Task goal>
State the number of lines in the material below that have "casual" in them, without any other text.

Records supplied>
+++
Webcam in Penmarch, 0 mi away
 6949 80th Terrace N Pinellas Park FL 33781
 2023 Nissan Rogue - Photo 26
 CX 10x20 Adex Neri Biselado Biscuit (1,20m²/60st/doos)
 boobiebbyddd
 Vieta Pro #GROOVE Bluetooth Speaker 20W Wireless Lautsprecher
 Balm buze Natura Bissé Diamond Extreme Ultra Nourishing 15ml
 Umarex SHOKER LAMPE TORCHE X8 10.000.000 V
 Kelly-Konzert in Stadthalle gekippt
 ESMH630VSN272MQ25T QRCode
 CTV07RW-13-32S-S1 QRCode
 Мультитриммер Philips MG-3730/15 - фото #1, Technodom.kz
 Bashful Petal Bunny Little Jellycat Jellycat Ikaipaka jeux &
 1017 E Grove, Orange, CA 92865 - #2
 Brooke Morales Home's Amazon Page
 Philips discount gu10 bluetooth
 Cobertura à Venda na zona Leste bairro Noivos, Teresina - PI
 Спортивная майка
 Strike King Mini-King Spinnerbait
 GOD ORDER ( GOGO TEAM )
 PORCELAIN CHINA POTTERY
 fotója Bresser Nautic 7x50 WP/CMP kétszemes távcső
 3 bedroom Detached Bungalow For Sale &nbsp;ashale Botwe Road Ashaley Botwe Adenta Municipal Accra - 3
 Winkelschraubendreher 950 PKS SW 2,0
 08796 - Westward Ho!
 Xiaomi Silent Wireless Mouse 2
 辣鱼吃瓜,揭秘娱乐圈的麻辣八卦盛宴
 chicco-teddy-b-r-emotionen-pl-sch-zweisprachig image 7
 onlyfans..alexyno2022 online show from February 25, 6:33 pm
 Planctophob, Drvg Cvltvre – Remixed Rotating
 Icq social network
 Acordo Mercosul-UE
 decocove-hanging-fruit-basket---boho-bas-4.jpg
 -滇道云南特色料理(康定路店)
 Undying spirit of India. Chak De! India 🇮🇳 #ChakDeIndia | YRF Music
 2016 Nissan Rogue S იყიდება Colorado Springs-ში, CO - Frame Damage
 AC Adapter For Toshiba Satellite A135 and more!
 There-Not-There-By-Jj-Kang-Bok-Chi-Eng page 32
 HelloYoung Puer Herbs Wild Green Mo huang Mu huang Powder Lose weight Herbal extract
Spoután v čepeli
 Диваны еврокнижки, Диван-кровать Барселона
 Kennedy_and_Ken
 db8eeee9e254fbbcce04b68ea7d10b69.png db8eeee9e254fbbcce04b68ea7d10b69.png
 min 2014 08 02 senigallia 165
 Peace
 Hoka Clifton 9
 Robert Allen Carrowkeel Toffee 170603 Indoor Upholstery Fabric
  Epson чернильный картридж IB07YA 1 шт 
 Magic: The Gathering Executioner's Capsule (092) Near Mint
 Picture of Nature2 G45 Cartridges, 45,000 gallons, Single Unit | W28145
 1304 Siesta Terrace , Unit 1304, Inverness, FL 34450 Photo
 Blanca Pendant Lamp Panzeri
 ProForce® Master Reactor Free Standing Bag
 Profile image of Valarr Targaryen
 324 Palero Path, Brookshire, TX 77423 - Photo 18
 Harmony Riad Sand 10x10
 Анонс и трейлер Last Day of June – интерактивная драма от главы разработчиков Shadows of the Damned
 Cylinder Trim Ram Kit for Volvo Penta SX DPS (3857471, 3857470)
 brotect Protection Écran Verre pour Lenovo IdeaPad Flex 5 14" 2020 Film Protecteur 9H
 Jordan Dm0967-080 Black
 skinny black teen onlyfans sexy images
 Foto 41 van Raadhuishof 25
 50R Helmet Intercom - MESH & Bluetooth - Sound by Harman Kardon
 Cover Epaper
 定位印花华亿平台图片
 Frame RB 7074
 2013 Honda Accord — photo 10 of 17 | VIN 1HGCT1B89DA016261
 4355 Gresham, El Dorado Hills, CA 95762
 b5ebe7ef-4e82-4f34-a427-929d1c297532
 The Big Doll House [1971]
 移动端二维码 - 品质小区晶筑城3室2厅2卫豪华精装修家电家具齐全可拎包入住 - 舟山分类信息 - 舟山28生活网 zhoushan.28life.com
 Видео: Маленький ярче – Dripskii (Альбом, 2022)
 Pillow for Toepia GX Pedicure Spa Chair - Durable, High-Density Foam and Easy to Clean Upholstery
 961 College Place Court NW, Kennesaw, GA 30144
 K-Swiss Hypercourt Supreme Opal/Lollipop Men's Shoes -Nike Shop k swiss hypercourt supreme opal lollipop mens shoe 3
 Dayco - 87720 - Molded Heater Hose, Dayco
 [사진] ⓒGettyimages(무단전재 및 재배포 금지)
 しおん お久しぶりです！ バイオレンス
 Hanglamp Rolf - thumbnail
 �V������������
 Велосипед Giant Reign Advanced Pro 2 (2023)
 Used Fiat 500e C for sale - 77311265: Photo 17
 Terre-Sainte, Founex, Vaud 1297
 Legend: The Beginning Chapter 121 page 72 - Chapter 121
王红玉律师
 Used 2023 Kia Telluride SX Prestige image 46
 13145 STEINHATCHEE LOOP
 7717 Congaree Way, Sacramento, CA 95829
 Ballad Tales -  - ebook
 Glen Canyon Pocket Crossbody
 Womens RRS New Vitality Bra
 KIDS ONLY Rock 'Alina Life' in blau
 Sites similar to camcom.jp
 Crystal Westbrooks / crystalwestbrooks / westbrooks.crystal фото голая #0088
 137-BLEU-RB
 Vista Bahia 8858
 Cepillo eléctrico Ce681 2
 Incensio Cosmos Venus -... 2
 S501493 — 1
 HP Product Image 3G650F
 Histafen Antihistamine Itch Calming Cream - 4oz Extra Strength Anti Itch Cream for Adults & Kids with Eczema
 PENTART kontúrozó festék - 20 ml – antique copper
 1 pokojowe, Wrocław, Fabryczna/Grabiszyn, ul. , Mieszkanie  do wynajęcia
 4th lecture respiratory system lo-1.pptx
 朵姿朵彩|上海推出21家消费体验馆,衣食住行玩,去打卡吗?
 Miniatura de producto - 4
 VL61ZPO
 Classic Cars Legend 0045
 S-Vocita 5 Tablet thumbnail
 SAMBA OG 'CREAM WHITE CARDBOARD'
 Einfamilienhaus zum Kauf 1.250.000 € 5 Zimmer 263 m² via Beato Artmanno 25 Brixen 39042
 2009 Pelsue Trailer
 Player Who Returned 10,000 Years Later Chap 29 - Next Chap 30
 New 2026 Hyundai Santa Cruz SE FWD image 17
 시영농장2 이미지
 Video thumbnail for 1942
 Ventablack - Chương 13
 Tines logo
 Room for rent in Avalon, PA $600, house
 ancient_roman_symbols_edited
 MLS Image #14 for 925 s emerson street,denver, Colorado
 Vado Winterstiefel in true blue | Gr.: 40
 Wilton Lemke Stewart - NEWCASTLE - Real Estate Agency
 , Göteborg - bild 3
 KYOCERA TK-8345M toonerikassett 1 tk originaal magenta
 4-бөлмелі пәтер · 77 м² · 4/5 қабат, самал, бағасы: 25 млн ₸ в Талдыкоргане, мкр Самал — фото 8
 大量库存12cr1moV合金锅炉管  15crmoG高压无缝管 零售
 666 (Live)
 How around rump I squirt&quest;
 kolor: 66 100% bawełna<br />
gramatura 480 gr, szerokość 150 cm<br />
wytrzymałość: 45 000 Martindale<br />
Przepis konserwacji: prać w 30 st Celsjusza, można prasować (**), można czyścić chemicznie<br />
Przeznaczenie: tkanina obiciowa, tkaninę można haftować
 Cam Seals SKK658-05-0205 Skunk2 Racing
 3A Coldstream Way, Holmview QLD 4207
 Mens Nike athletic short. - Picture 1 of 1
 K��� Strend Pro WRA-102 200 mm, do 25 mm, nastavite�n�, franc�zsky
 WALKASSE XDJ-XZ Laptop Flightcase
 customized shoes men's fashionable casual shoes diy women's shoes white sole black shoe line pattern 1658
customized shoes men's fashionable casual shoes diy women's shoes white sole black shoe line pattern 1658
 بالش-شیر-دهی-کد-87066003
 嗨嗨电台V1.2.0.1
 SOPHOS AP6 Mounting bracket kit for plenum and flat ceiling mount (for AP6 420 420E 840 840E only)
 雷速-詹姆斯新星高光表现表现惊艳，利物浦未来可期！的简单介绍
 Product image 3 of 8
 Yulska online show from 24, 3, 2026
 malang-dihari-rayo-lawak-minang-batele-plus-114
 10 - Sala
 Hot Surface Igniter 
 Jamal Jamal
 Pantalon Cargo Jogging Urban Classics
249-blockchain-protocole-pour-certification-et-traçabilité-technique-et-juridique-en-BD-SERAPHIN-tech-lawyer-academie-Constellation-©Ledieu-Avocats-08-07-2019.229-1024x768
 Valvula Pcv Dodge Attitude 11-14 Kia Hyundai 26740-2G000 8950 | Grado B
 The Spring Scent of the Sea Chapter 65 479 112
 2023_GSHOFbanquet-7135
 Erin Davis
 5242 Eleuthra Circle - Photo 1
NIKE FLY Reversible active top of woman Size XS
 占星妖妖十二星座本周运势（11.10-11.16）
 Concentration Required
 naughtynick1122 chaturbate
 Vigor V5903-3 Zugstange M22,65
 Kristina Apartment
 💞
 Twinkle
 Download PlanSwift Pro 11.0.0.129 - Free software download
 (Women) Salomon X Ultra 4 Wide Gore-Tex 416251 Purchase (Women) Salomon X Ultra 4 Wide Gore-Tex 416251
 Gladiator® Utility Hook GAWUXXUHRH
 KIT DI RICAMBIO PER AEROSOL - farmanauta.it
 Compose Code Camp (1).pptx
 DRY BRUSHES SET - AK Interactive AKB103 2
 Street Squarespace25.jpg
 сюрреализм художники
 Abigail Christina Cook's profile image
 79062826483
+++
Expected output>
2